--- START ---

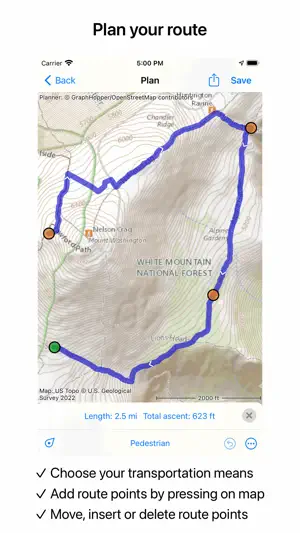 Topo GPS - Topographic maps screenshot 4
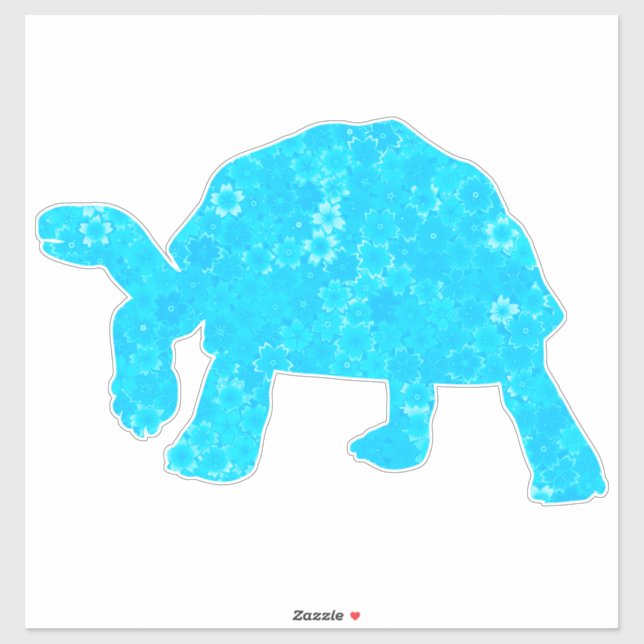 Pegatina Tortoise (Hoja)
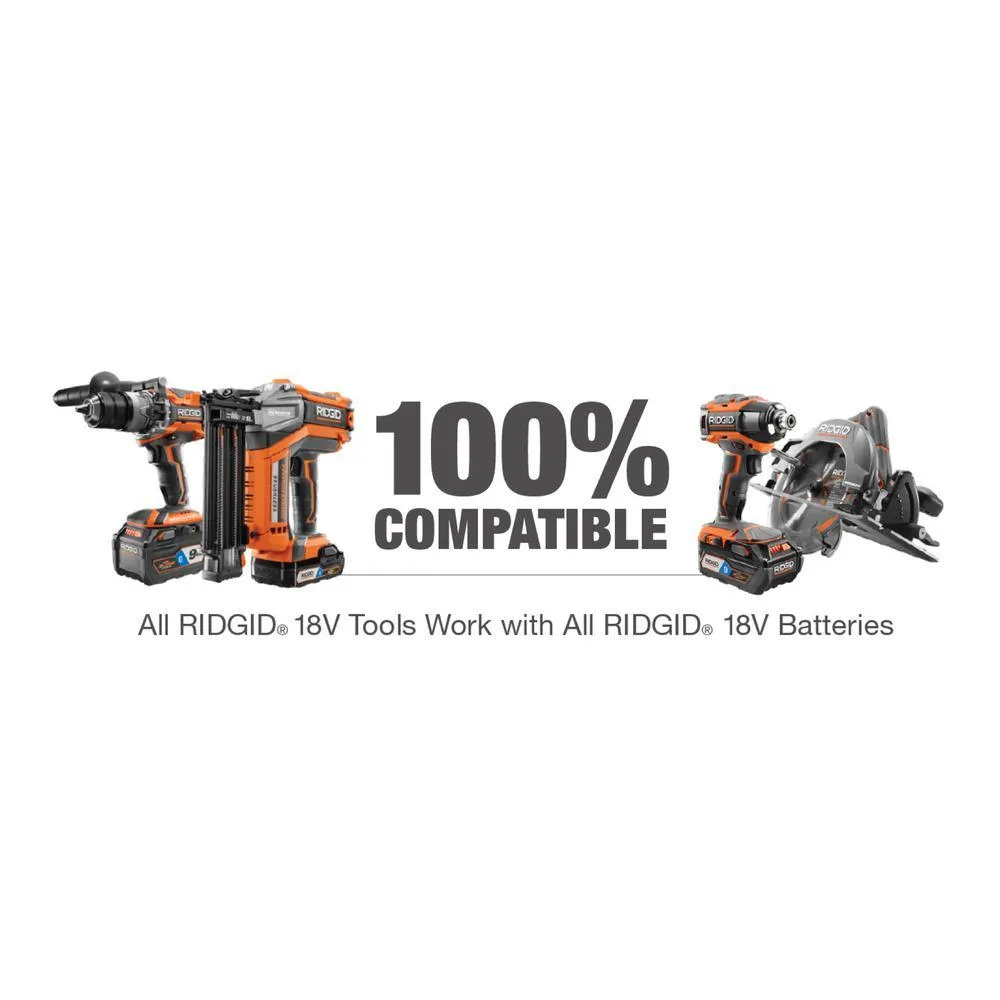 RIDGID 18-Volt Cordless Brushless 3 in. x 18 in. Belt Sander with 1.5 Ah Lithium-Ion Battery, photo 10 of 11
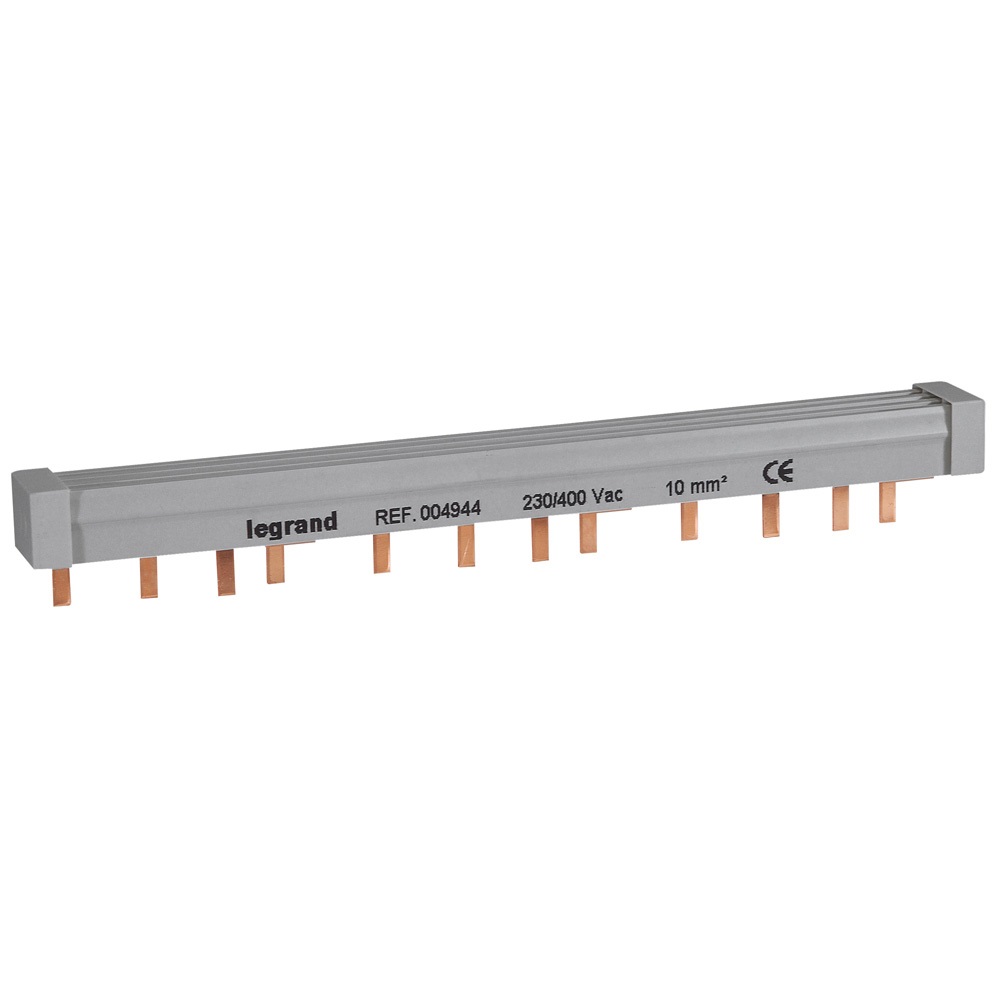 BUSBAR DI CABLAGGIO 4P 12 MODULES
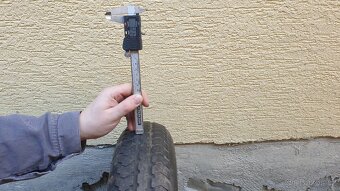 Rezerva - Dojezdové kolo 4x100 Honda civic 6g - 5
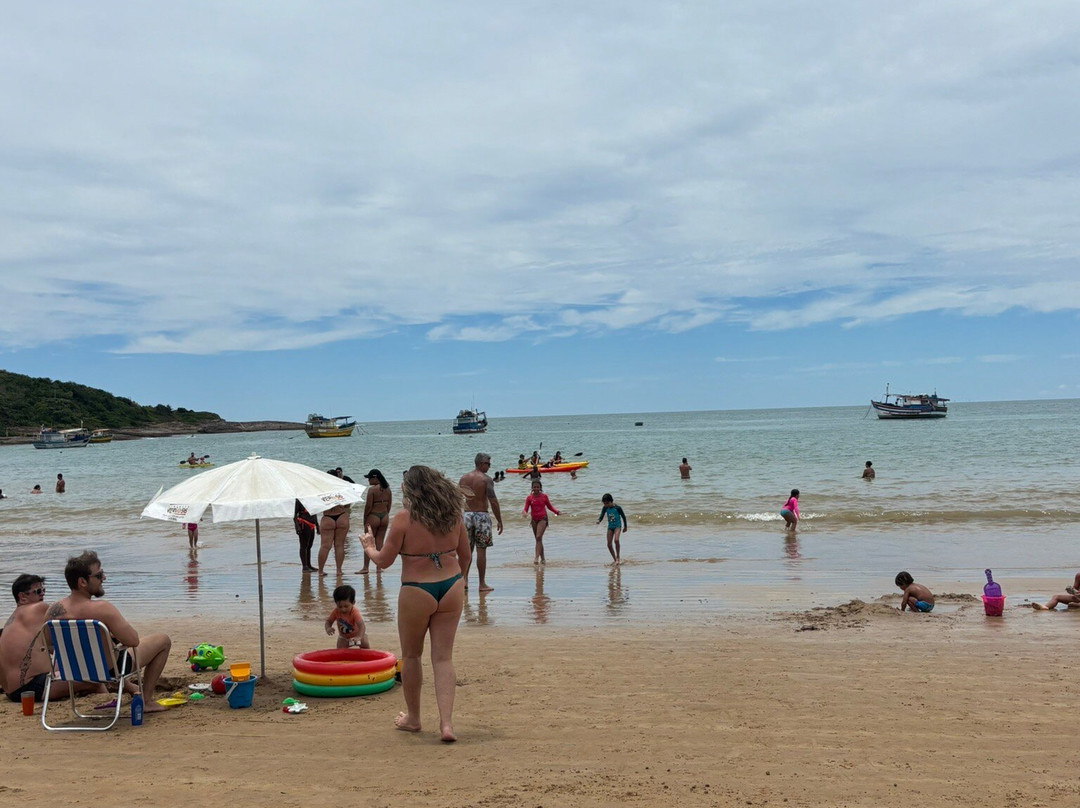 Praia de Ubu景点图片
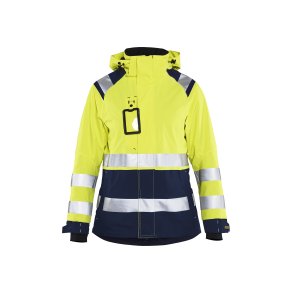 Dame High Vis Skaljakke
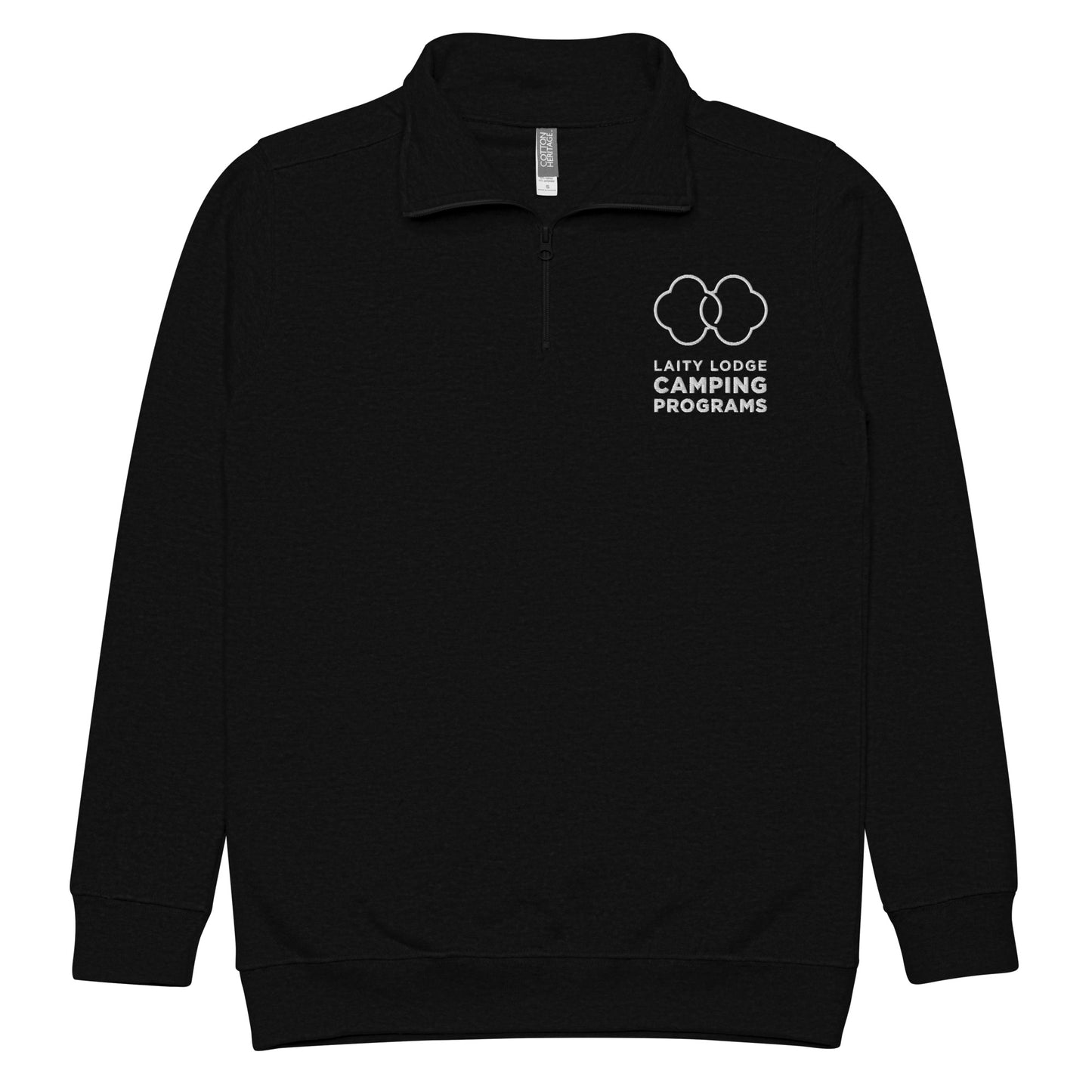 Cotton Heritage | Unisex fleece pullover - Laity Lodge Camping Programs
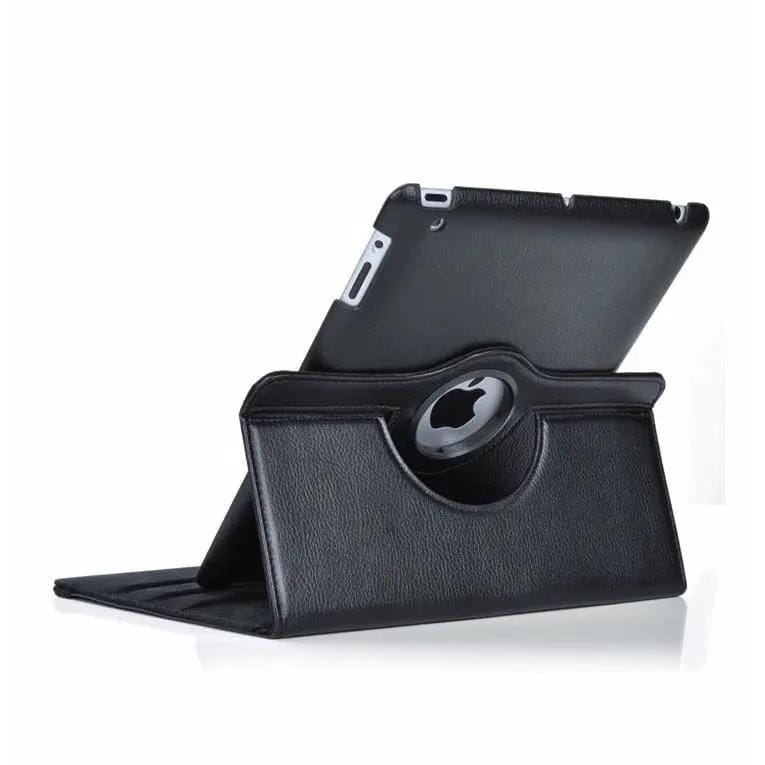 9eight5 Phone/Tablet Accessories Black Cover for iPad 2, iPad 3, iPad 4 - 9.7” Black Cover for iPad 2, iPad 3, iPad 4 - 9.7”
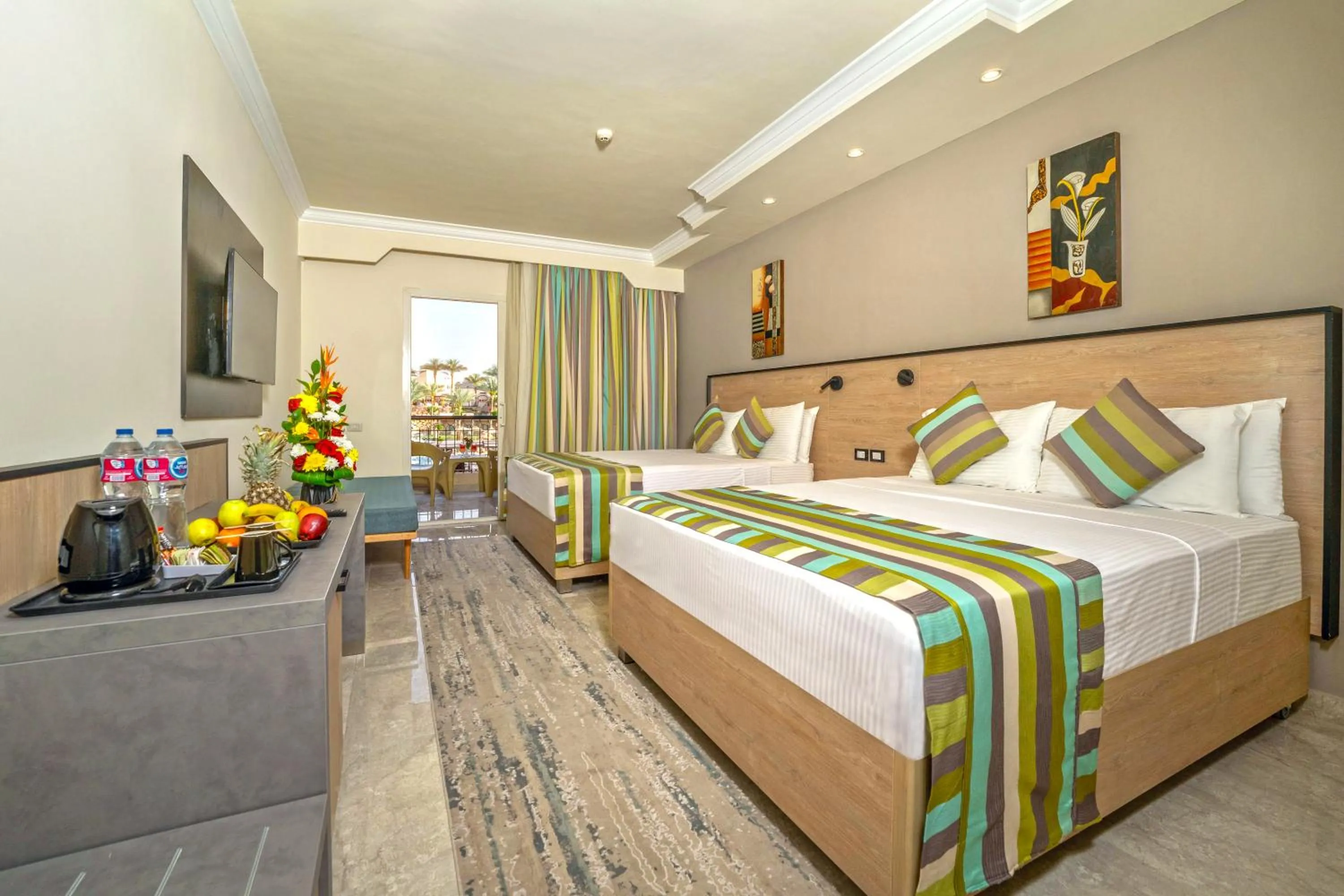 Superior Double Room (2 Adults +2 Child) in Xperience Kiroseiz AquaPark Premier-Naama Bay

--- END ---

> [ACTIVITY]:
Starting at the line that contains "Praia de Ubu景点图片", restate every line through the end of the records exactly as written, but leave the pictures out.

> [PROBLEM SOLUTION]:
 Praia de Ubu景点图片
 Dame High Vis Skaljakke
 Cotton Heritage | Unisex fleece pullover - Laity Lodge Camping Programs
 9eight5 Phone/Tablet Accessories Black Cover for iPad 2, iPad 3, iPad 4 - 9.7” Black Cover for iPad 2, iPad 3, iPad 4 - 9.7”
 Superior Double Room (2 Adults +2 Child) in Xperience Kiroseiz AquaPark Premier-Naama Bay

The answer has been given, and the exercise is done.